The FCPA was passed in 1977; it allows the DOJ and SEC to bring both civil and criminal cases against companies and individuals who bribe foreign officials or business people. Since the passing of the legislation the total penalties imposed under FCPA is $8.8 billion, while the total bribes paid is $3.3 billion. The majority of the enforcement cases under FCPA have been settled before reaching trial, DOJ 75% and SEC 91%. From April 2012 to November 2014, only two individuals were subjected to FCPA enforcement actions, while the DOJ and SEC combined for 56 total enforcement actions.
By making an action criminal, the government is inherently attempting to deter that specific conduct. The question here is, whether the punishment fits the crime sufficiently to actually deter the conduct. Comparing the bribes paid and the punishments paid (3.3 billion to 8.8 billion), companies on average are penalized $2.66 per $1 of bribery. Meaning, the average cost of bribing is $3.66 per actual dollar spent. In essence, the prescribed penalty only increases the total cost of the job, but there is a high enough profit margin for the conduct to persist. Individuals can be charged with a crime for violating the FCPA and are subject to a $100,000 penalty and or 5 years’ imprisonment. The issue with the prosecution of individuals arises out of globalization and corporate structures. It is possible that a person, in a foreign country, working for a local foreign company, can violate the FCPA solely because they are employed by an American company abroad. U.S. officials cannot reach that person to be prosecuted criminally.

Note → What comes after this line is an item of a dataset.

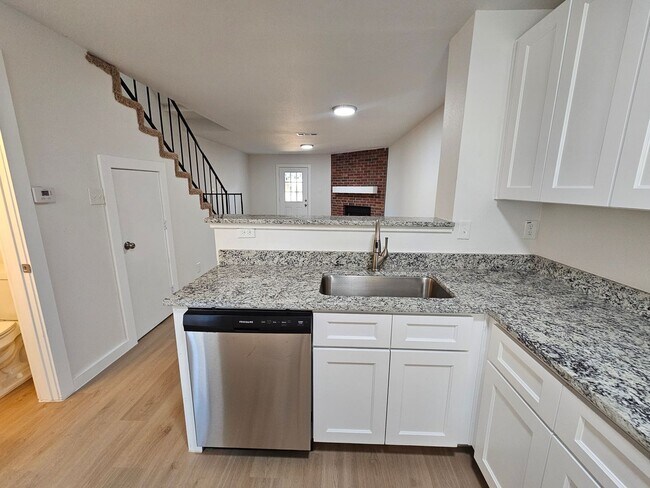 Building Photo - Recently rehabbed. Available now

Since 1977, U.S. officials has imposed $8.8 billion in fines under the FCPA. From 1977 to 2006, the one-year high was 15 enforcement actions, while in 2009 there were 47 enforcement actions and 56 in 2010. There has been a drop to about 25-30 enforcement actions per year since 2010. It appears that the government was going to the well of cash more so than attempting to deter the criminal action. It is time to amend the FCPA to go after corporate officials or board members within the United States when they do not adequately combat bribery.
To put this in context with domestic commercial bribery, a violation of 18 USCS Appx § 2B4.1, the Federal Commercial Bribery Statute starts with 0-6 months in prison. That is the lowest prison time under the Federal Sentencing Guideline. Depending on the severity of the bribery, amount paid or proceeds from the transactions, a violator could face up to 51-63 months. While both violations result in nearly the same sentencing, the target of the statutes could not be more different. The FCPA hardly goes after the perpetrator of the crime but instead goes after the organization, whereas in domestic bribery the actor is the target of the criminal investigation.
It is time for the problems of the FCPA to be addressed. There needs to be a push to hold individuals criminally responsible for foreign bribes. The best way to achieve this is to hold managers and executives responsible for lack of control. When a bribe has taken place, U.S. officials should take a look at the company’s policies and practices to make sure this was a rogue act and not an institutional criminal issue. By creating a threat of criminal responsibility on the management of the country, the rest of the company will fall in line very quickly.